Invisibility as a mode of operating under the radar and not ‘outing’ oneself also resonates with the so-called Alt-Right’s fixation with technological discourses and imagery. That white supremacists are social media-savvy trolling experts who operate online to expand and reinforce their network is well-documented.22 But technology is also celebrated in Alt-Right aesthetics for its potential ‘to conquer and to reaffirm inegalitarianism,’23 which goes hand in hand with the reaffirmation of white dominance. As merchandise from The Daily Stormer attests, neo-Nazi aesthetic taste includes eighties comics and sci-fi content [which] offer normative gender roles, hyper-masculine futurist heroes, hypersexualised women and a variety of visions of humans transcending their bodily limits via technological innovation.’24 The transhumanism represented in popular films such as Blade Runner and The Matrix is also celebrated.25 That the latter was directed by two transwomen is strategically ignored, but its hacking ethos finds an expression in practises such as ‘Operation Google,’ which is used to bypass the algorithms set up by search engines to identify and block content that is deemed discriminatory. This strategy entails replacing racist epithets with the names of the very same companies that implement anti-discriminatory policies – Google, Skype, Yahoo and Bing are some examples – on forums like 4chan and /pol/ so as to avoid flagging and deletion.26 Operation Google thus hacks the very system it aims to bypass. It renders racism, homophobia, transphobia and white supremacism undetectable, that is invisible to algorithms, on the most used search engines in the world. In this sense, one could see the appropriation of New Balance trainers and the company logo as its sartorial equivalent: Operation New Balance is a way to hack the wardrobes of as many consumers as possible.
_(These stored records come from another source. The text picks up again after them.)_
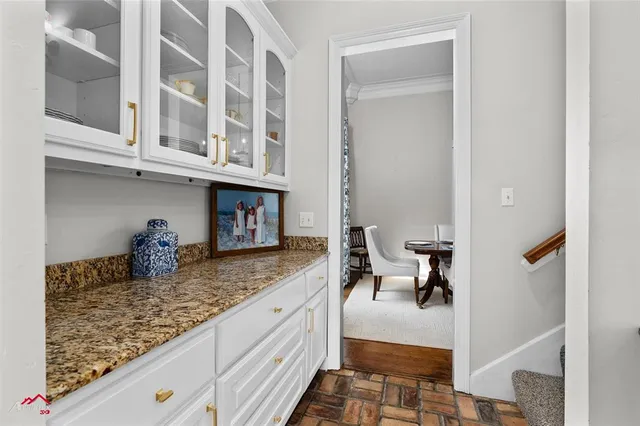 a view of living room with granite countertop furniture and fireplace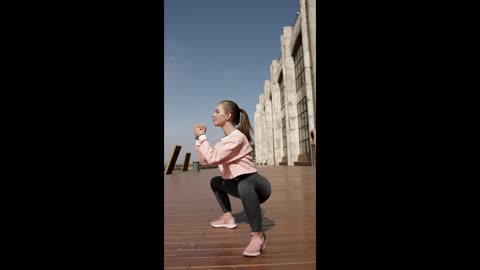 Woman In Pink And Gray Sports Gear Exercising Outdoors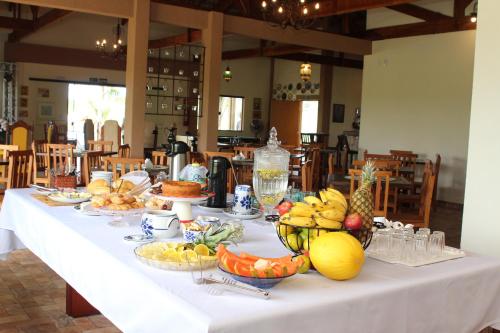 Pousada Sítio Pedras de Minas في مونتي سيو: طاولة بيضاء عليها صحون فاكهة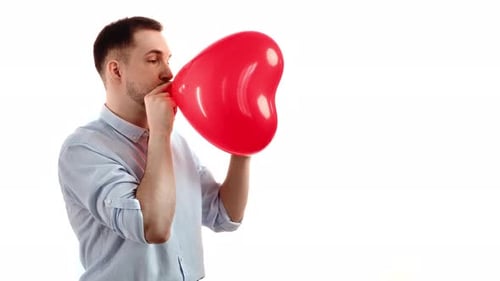 Man Inflating Heart Balloon on White Background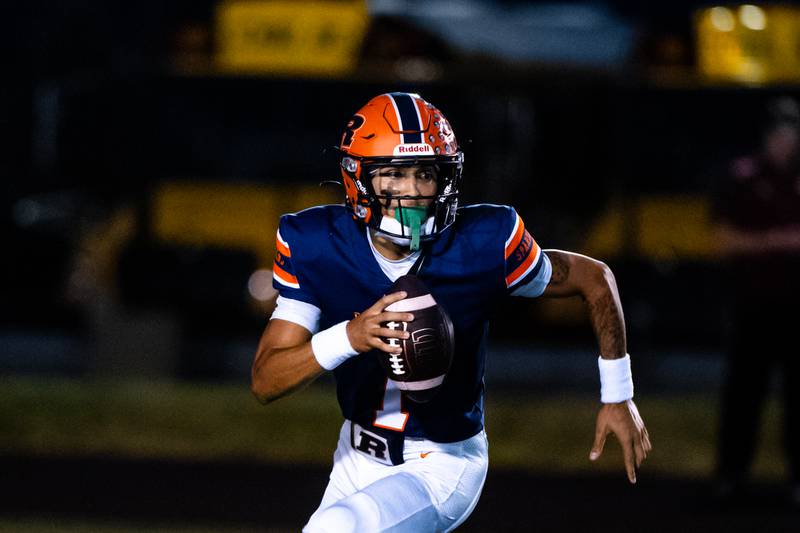Romeoville's Richard Conley runs the ball during a game against Plainfield North on Friday Sept. 19, 2025 at Romeoville High School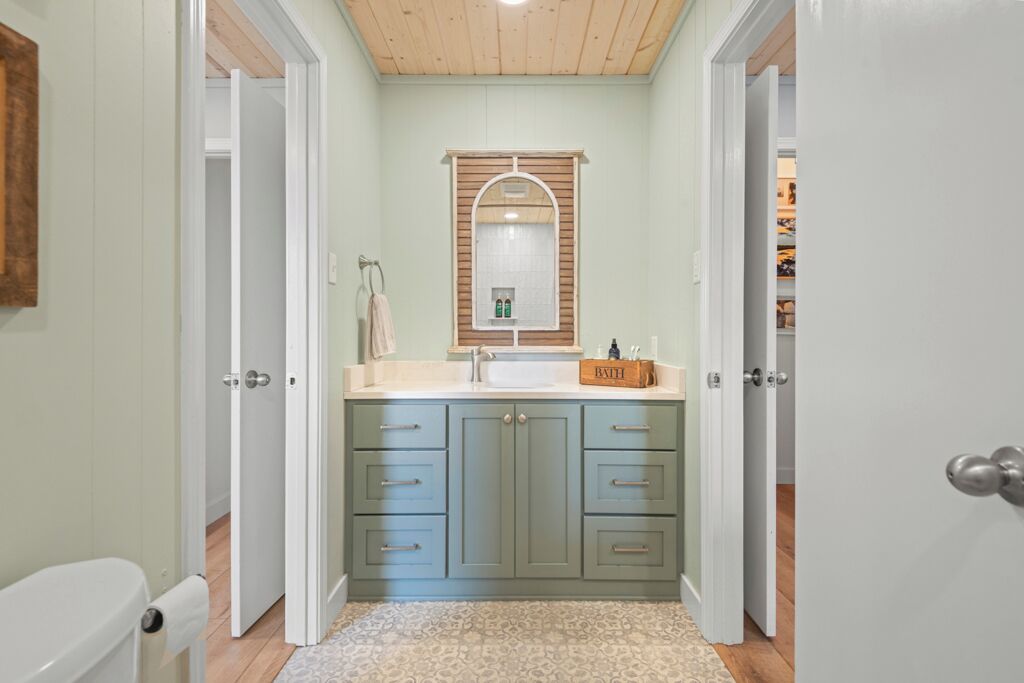 A bathroom with a vanity, sink, and mirror. There are cabinets and drawers for storage.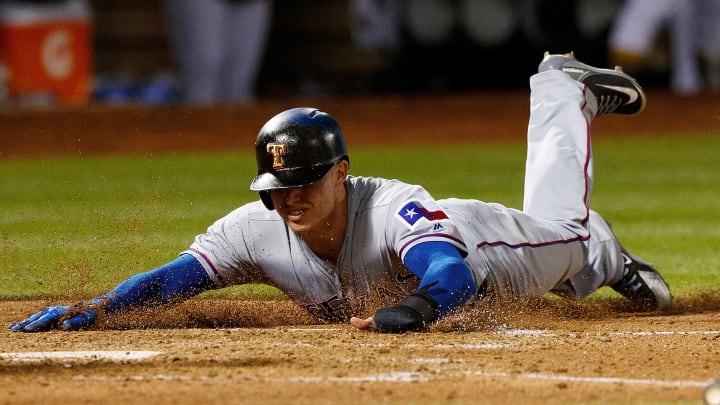 OAKLAND, CA – APRIL 02: Drew Robinson #18 of the Texas Rangers dives into home plate to score a run against the Oakland Athletics during the fifth inning at the Oakland Coliseum on April 2, 2018 in Oakland, California. The Oakland Athletics defeated the Texas Rangers 3-1. (Photo by Jason O. Watson/Getty Images)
Last but not least, the popularity of eighties comics and sci-fi imagery in Alt-Right aesthetics and the choice of appropriating a brand of trainers have one more thing in common: both unabashedly celebrate masculinity. This is not to say that sneaker culture is inherently misogynist, but rather that it offers men the possibility to reclaim adornment and fashionability while retaining associations with a traditionally male-dominated cultural realm like sport.27 In virtue of that sneaker culture becomes a preferential site for the projection of the idea of a dominant, physically strong and ready-for-action masculinity that perfectly embodies the fascist belief in ‘permanent warfare’ as well as its obsession with ‘sexual politics’ and gender symbolism.28 But whereas ‘sneakerheads’ are likely to make bold statements with vibrant or limited edition trainers, sobriety is key to uphold standards of neo-Nazi masculinity. As one of the commenters on Anglin’s post writes, New Balance ‘are gorgeous, nothing extremely colourful and gay as hell, just plain grey.’29 Once again, value is placed on avoiding visibility and distinction.
Invisibility as strategy thus brings together many of the key elements of neo-Nazi ideology and aesthetics. Social media outrage in the guise of brand boycotts and shoe burning will not prevent further attempts from the far-right to hack, infiltrate and colonise our political imaginary as well as our wardrobes. Rather, what we need to make visible and to examine are the invisible processes by which we can potentially become victims, allies and vehicles of such unacceptable ideologies.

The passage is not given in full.